Por encima de toda circunstancia, la Historia tercamente nos enseña que la paz es aquello que se implora cuando uno está vencido en una guerra. No hay nadie, mientras tenga expectativas de alzarse con el triunfo en la pelea, que pida paz o esté dispuesto a darla, a menos que el rival se le someta. En eso consistió la «pax romana», o ya la de Pisístrato en Atenas, así se fabricaron los imperios y así debe de ser la paz eterna: un campo donde sólo sopla el viento de quienes lo apaciguan por la fuerza.
Ambicionar la paz es razonable. ¿Qué español no quisiera que la ETA dejara de poner a nuestro paso todos los «accidentes» que perpetra? El anhelo es muy libre de ser puro – también se nutre el alma de quimeras -, pero los sueños son para la almohada, para el verano son las bicicletas. ¿Qué gobernante entregará sus llaves a cambio de que cese la violencia si no es porque la plaza está perdida y ha optado por el sálvese quien pueda? A Zapatero ya le pesan tanto, y tanto se arrodilla al ofrecerlas, que si un nuevo Velázquez las pintara, hiciéralas igual que las de Breda.

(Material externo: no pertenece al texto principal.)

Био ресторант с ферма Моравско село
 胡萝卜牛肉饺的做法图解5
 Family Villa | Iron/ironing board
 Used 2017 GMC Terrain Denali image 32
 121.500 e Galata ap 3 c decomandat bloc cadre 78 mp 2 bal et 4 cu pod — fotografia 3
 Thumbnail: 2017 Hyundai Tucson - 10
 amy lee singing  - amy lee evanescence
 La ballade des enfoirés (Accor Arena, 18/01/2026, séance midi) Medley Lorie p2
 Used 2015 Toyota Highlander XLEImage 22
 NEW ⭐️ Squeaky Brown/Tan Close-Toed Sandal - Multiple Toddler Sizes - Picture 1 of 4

No es paz lo que los vascos necesitan, por más que disfrutarla merecieran, sino esa libertad que hace a los hombres garantes de su propia convivencia. Libertad de expresar un pensamiento, libertad de habitar tu propia tierra, libertad de votar o ser votado a poco que respetes unas reglas. Libertad de vivir sin que te impongan, lo que has de hacer, los buitres y las hienas, y libertad de no sumarte al ruego de una paz de temblor y miedos hecha. Hay otra paz, pero ésa no se pide en una confusión de cuatro lemas: la que no da un favor que se suplica, la que otorga una ley que se respeta.